Welcome to the final installment of our series on mastering AWS access management with EKS Pod Identity. In Part 1, “Securing Application Access“, we laid the foundation by replacing insecure legacy methods with the fine-grained control of Pod Identity for your applications. In Part 2, “Cluster Management“, we extended this unified security model to the operational add-ons that power your cluster.

Now, we’ll tackle one of the most common and complex challenges in enterprise environments: granting EKS pods access to AWS resources in a different AWS account. This post will introduce a powerful enhancement to EKS Pod Identity that dramatically simplifies cross-account permissions, allowing you to build secure, multi-account architectures with ease.

The Challenge: The Complexity of Cross-Account IAM

It’s a standard architecture to host your EKS cluster in one AWS account while your data, such as S3 buckets or DynamoDB tables, resides in another. This separation is great for security and billing, but it has historically created complexity for IAM. To make this work, you had to manually configure a chain of trust involving multiple roles, policies, and trust relationships—a process that was often frustrating and error-prone.

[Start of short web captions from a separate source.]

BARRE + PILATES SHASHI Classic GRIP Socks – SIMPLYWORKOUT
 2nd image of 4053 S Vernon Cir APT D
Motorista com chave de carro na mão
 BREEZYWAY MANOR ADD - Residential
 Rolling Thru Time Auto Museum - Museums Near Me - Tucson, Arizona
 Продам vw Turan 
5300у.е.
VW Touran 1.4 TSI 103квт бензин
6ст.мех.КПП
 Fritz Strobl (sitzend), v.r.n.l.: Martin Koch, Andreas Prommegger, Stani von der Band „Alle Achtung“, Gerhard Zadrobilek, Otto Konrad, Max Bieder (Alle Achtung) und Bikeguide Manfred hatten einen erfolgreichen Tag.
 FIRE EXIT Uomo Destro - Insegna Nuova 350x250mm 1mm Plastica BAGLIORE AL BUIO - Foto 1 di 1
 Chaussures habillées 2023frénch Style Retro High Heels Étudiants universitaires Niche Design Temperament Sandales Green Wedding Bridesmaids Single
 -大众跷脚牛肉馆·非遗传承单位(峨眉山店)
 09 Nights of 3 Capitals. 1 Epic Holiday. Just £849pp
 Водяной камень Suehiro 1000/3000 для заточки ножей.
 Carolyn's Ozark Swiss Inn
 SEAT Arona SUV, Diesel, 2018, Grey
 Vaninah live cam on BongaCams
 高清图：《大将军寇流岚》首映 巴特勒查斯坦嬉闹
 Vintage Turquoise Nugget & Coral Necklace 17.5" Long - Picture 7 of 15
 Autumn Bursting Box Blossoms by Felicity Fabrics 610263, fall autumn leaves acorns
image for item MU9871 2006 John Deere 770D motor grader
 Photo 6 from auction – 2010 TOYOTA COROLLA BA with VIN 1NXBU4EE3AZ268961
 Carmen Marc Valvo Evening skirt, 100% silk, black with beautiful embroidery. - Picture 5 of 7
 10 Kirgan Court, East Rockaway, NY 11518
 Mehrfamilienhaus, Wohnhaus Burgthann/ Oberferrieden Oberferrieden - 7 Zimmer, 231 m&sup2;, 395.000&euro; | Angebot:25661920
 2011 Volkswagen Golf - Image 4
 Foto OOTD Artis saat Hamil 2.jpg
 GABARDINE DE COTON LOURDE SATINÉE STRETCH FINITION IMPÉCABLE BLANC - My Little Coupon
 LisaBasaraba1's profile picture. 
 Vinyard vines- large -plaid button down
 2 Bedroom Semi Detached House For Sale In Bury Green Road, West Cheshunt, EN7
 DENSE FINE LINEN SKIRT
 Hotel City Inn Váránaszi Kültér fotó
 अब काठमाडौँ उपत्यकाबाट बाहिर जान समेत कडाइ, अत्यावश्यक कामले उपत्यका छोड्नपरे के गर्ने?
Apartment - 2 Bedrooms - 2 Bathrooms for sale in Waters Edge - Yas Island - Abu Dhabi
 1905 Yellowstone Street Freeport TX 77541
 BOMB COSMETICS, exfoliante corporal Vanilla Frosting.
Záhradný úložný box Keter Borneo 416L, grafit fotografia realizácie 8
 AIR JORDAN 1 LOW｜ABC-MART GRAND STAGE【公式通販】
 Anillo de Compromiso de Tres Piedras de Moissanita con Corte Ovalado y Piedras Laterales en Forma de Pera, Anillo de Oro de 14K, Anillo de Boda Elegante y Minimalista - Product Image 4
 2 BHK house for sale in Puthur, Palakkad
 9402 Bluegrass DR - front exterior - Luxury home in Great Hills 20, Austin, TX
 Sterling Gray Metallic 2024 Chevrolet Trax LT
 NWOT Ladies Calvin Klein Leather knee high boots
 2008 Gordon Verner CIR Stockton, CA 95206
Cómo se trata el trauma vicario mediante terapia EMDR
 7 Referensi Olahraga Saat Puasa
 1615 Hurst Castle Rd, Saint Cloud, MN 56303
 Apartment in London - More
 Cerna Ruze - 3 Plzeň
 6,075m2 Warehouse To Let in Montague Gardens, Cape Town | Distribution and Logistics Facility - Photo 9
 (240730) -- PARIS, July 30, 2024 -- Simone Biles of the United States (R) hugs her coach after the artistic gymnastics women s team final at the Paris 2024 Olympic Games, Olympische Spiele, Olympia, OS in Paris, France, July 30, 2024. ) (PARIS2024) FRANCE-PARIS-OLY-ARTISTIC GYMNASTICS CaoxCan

A Better Way: Native Cross-Account Associations

With the latest enhancements to EKS Pod Identity, this entire process is streamlined. You can now configure the cross-account relationship directly within the aws_eks_pod_identity_association resource itself.

The underlying mechanism is still IAM role chaining, but EKS now manages the handoff for you. When creating a Pod Identity association, you can specify two roles:

  • EKS Pod Identity Role (Primary Role): An IAM role that exists in the same account as your EKS cluster.
  • Target IAM Role: An IAM role from the separate account that contains your AWS resources.

When your application needs credentials, the EKS Pod Identity agent seamlessly performs the two-step role assumption process, providing your pod with temporary credentials that have the permissions of the Target IAM Role.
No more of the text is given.